Le postulat est simple : face à l'« assaut total » (total onslaught) et multiforme mené contre la tribu blanche, il faut une réponse à la fois globale et nuancée. Il est urgent, notamment, de rompre avec l'immobilisme intérieur. Depuis longtemps fonctionne au sein de l'armée sud-africaine un système d'intégration raciale par quotas, qui permet de faciliter le recrutement : les Indiens dans la marine, les métis dans l'aviation, les Noirs dans l'armée de terre. C'est ce modèle, estiment les militaires, qu'il faut appliquer à la société civile.

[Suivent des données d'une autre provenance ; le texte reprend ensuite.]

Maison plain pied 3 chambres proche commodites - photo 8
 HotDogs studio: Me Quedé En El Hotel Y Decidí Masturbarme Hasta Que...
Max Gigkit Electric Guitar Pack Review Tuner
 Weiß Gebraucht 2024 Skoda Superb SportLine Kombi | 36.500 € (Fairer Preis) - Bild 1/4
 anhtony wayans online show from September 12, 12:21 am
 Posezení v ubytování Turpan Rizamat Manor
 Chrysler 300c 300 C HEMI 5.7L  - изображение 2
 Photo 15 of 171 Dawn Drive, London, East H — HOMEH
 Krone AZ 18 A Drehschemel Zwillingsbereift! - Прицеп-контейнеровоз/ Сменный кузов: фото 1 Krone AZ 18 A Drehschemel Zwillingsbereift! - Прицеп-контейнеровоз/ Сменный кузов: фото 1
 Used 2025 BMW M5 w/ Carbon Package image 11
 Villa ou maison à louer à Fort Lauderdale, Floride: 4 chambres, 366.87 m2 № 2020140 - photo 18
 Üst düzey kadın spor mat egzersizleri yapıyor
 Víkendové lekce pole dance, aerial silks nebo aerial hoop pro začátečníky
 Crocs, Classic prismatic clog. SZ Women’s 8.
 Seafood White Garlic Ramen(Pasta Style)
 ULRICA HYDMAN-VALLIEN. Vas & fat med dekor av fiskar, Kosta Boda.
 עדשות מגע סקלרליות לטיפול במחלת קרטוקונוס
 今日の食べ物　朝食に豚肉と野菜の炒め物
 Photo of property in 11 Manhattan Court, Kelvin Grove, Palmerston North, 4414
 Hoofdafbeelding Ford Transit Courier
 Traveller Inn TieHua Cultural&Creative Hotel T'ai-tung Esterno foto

Mais les conséquences de ces réformes « éclairées », et pourtant cosmétiques (légalisation de certains syndicats noirs, introduction d'un système législatif tricaméral accordant aux communautés métisse et indienne des droits limités d'autogestion du type indirect rule britannique), effrayent profondément la minorité ultra-conservatrice et crispée du Parti national.

Les limites du réformisme

Persuadée que le système politique sud-africain n'est pas adapté à la situation d'« assaut total », l'armée milite depuis toujours pour l'établissement d'un régime présidentiel fort et centralisé. La minorité des libéraux blancs anglophones, qui redoute une évolution dictatoriale du régime, proteste contre cette réforme constitutionnelle. En vain. De plus en plus, P. Botha, devenu président de la République, gouvernera seul en privilégiant les conseils du State Security Council (qui regroupe les principaux chefs militaires dont le chef d'état-major général, Magnus Malan) par rapport aux avis de son propre gouvernement.

Glacis austral et ANC

On a d'abord consciencieusement déstabilisé les jeunes indépendances voisines, surtout à partir de 1980, quand Robert Mugabe remplaça Ian Smith au Zimbabwe. Il s'agissait beaucoup moins de prévenir une quelconque agression (cette hypothèse n'a jamais été sérieusement prise en compte à Pretoria) que d'empêcher tout effet de contagion chez les 23 millions de Noirs sud-africains. Méthode efficace puisqu'elle aboutit aux pactes de non-agression de la première moitié de 1984 entre des pays militants de la Ligne de front, exsangues, et une Afrique du Sud triomphante. En termes géostratégiques, on est ainsi passé de la théorie du laager (ce cercle de chariots que formaient les premiers colons afrikaners pour se défendre), chère à Vorster, à celle du glacis austral, qui aboutit à la « finlandisation » de la Ligne de front.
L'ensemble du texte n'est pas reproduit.